# What the exercise asks:
Each line from the one with "20110927澳幣12月日線圖背離.png" through the final line of the entries below must be printed exactly, and the pictures must not be.

# Dataset records:
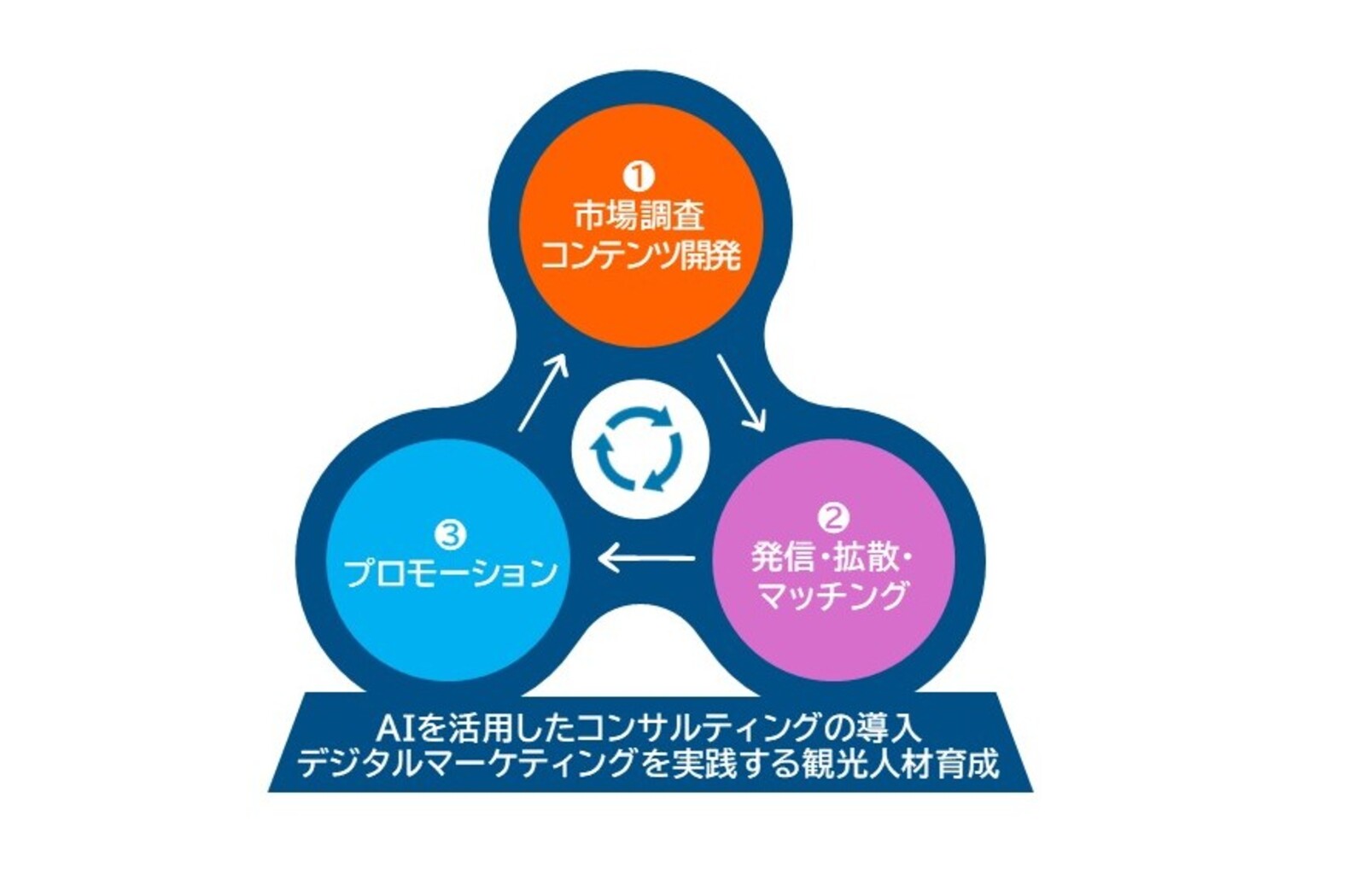 ▲「グローカルウィン」というコンセプトを掲げ、3つのソリューションを連動させることで、地域が抱える課題を総合的に支援している：株式会社JTBパブリッシング提供
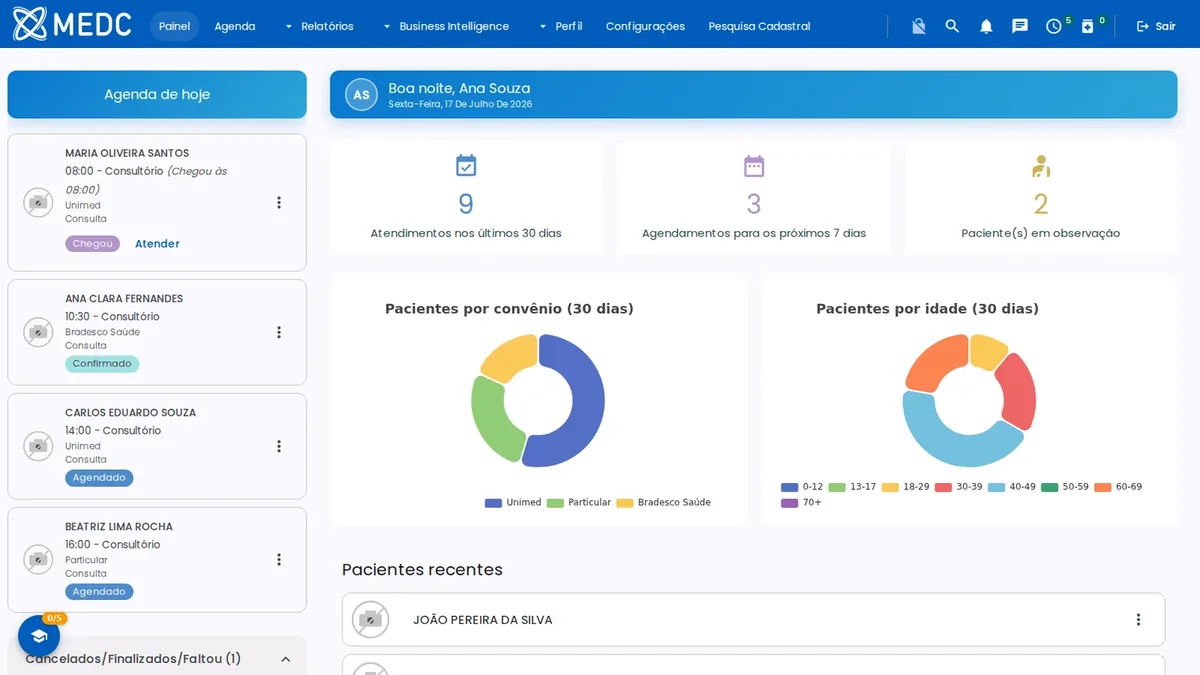 Painel do MEDC: agenda do dia à esquerda, indicadores de atendimentos e gráficos de pacientes por convênio e por idade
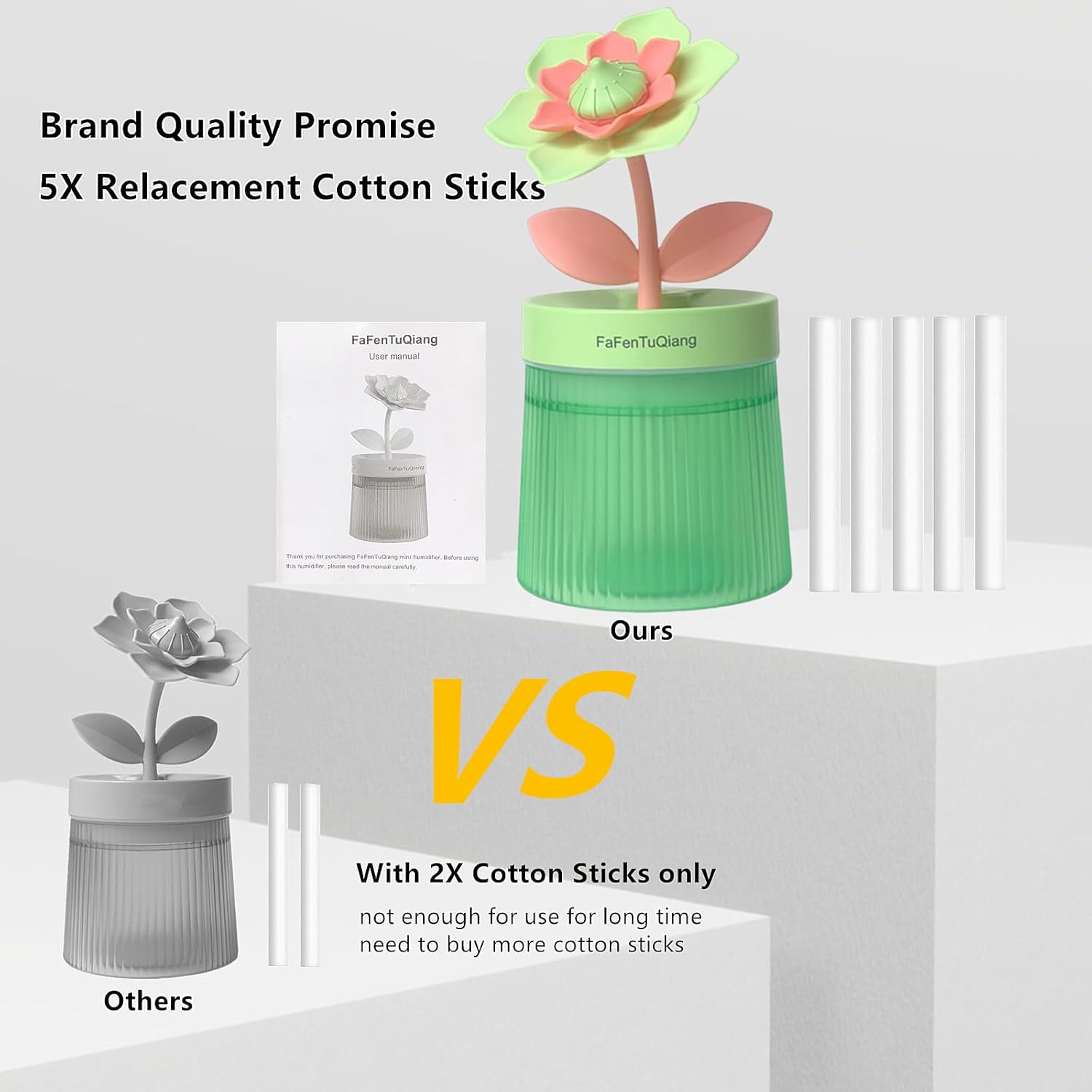 Desk Mini Humidifier, Personal Small Humidifier Diffuser 260ml Portable with Colorful Light Cool Mist,Quiet, Auto Off, Top Fill Air Humidifiers,for Plants,Home,Office,Travel,Work,Women, Birthday
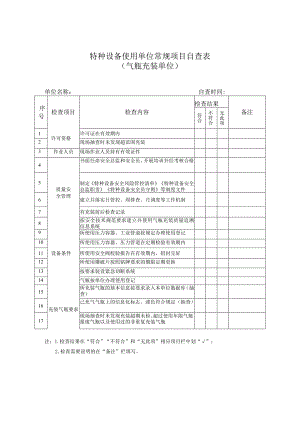 特种设备使用单位常规项目自查表（气瓶充装单位）.docx
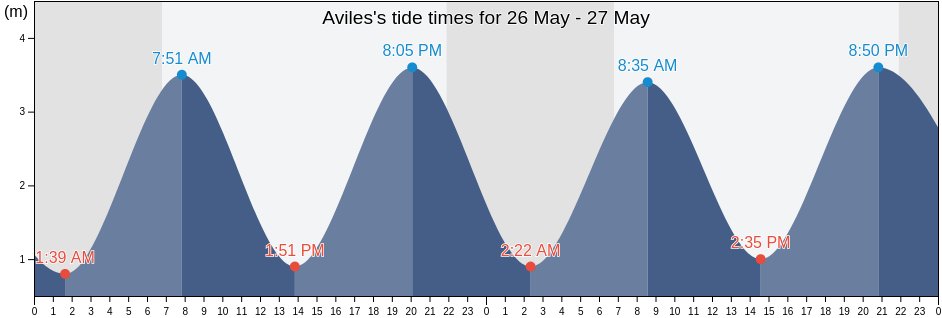 Aviles, Province of Asturias, Asturias, Spain tide chart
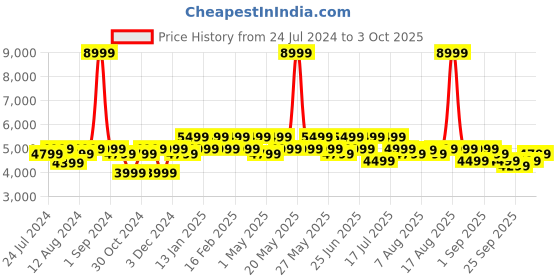 myntra.com MOKOBARA Unisex Water Resistant Transit Backpack mokobara Price History Graph from 24 Jul 2024 to 3 Oct 2025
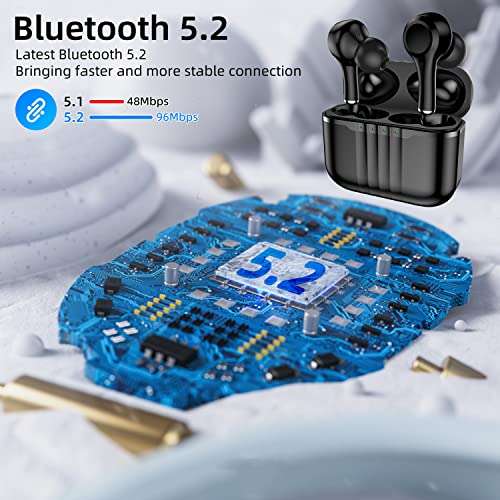 Auricolari Bluetooth 5.2 [IPX7, 45 ore di riproduzione]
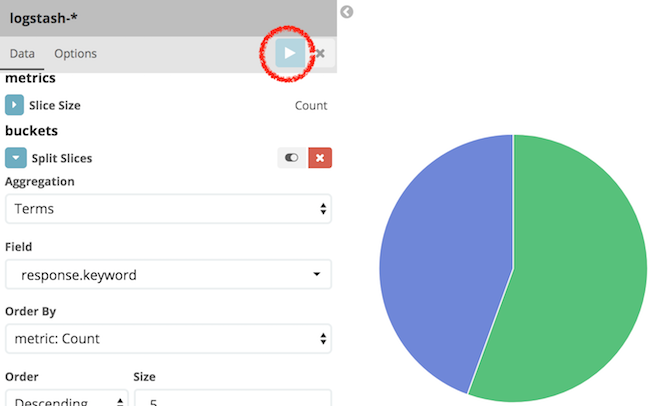 Kibana 5 Select Pie Chart Configuration Kibana 5 Select Pie Chart Configuration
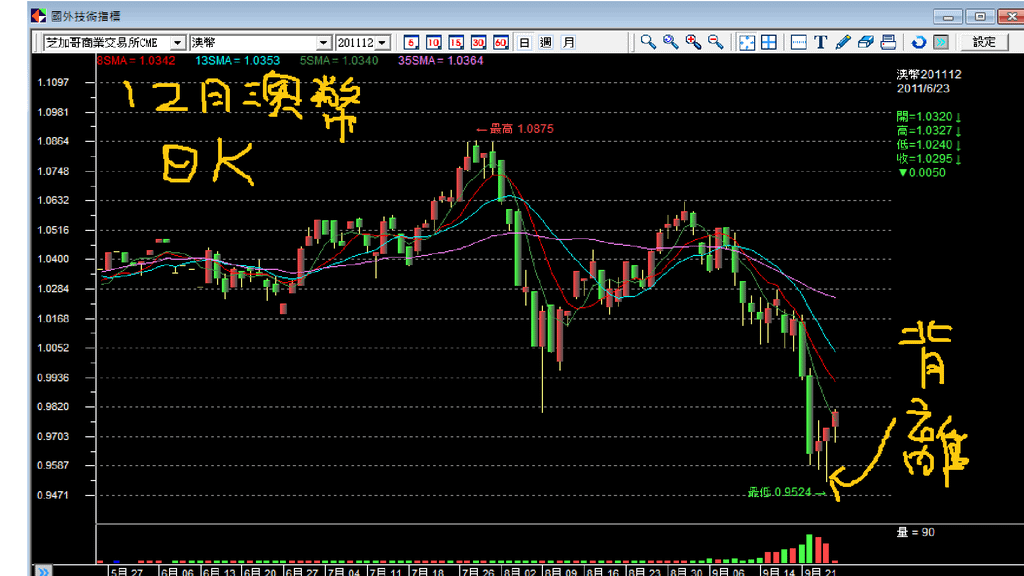 20110927澳幣12月日線圖背離.png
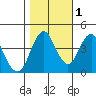Crockett tide chart for Saturday, November 1, 2025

# Task result:
 20110927澳幣12月日線圖背離.png
Crockett tide chart for Saturday, November 1, 2025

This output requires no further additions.